Question

How to deal with "///" separator in Geo2r when loading data to enrichr

0

Entering edit mode

3.7 years ago

vladimir.vinarsky • 0

Hello I encountered formatting issue when trying to use output from GEO2R to enrichr, which got me stuck, could anybody help with the imminent practical (1) and broader statistical (2) question?

I am reanalyzing micorarray datasets obtained from GEO, doing differential gene expression by GEO2R with the idea that the differentially expressed genes will be uploaded in enrichr to see the changes in GOs, transcription, etc. However for some of the probes, there are more then one gene annotated. These are separated by "///" separator, which interferes with load enrichr function (one line one gene, probably no special characters).

(1) Does anybody know how to get around this problem? Is there a tool for conversion? There used to be GEO2enrichr extension but that is not supported now.

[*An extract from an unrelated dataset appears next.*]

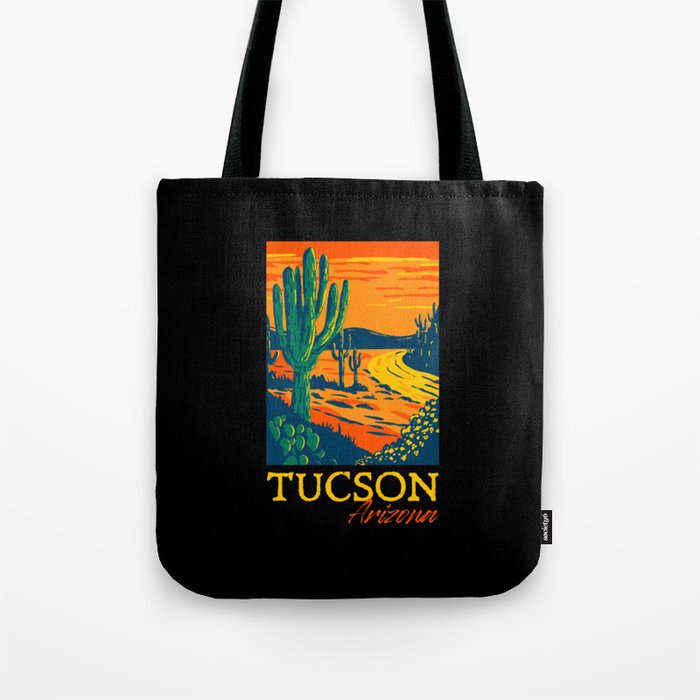 Tucson Arizona Cactus Vintage Retro Desert Souvenir Tote Bag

(2) How should these multiple entries per probe be handled statistically? If the probe is for two isoforms of the gene and I simply add both, would introduced an error in the dataset. If I keep just one of the isoforms, than my data are also incorrect. What is the correct approach?

Thanks for help

Vladimir

geo2r enrichr R • 974 views

ADD COMMENT • link updated 3.7 years ago by dsull ★ 5.8k • written 3.7 years ago by vladimir.vinarsky • 0

score 2 · Answer 1 · 2020-08-04

I'm not sure what your data.frame looks like exactly, so I'll make some example data that should show you how to deal with the delimited gene names in the actual data.

df <- data.frame(gene=c("A///B", "C", "D///E///F"), log2FC=rnorm(3, 2, 1))

> df
       gene   log2FC
1     A///B 1.920434
2         C 1.652814
3 D///E///F 2.032746

There's a handy tidyr function that will let you separate those delimited values into separate rows.

library("tidyr")

df <- separate_rows(df, gene, sep="///")

> df
# A tibble: 6 x 2
  gene  log2FC
  <chr>  <dbl>
1 A       1.92
2 B       1.92
3 C       1.65
4 D       2.03
5 E       2.03
6 F       2.03

As for which isoforms to keep, that is a difficult question to give an answer too, so I'll let someone else chime in if they feel more comfortable.

score 1 · Answer 2 · 2020-08-04

Regarding multiple probes per genes, there's no consensus on what is best, especially since this is microarrays where different probes don't necessarily represent distinct isoforms. For p-values, you could use something like Fisher's method to aggregate p-values across multiple probes. For log2FC, it's a bit complicated; you could use the probe with the greatest fold change, you could average probes, etc. -- but you have to interpret your results accordingly (i.e. let's assume probes do represent distinct isoforms; one isoform goes up a huge amount while three other isoforms go down a moderate amount -- what's your interpretation of these results? what about if those three other isoforms show only a very tiny change -- what's your interpretation?).

Many RNA-seq workflows deal with this isoform issue just by counting the number of the reads that align to a gene of interest (with disregard for isoform information) or, when working with transcript-level alignments, summing up the transcript abundances. But of course, with microarrays, you can't sum up probe intensities -- because: for one, different probes don't necessarily represent different isoforms and don't necessarily provide coverage over the entirety of the gene; for two, different probes have different affinities.

Alternately, you can just leave it as is -- just report probe-level data (unless you have downstream analyses that needs gene-level log2 fold changes).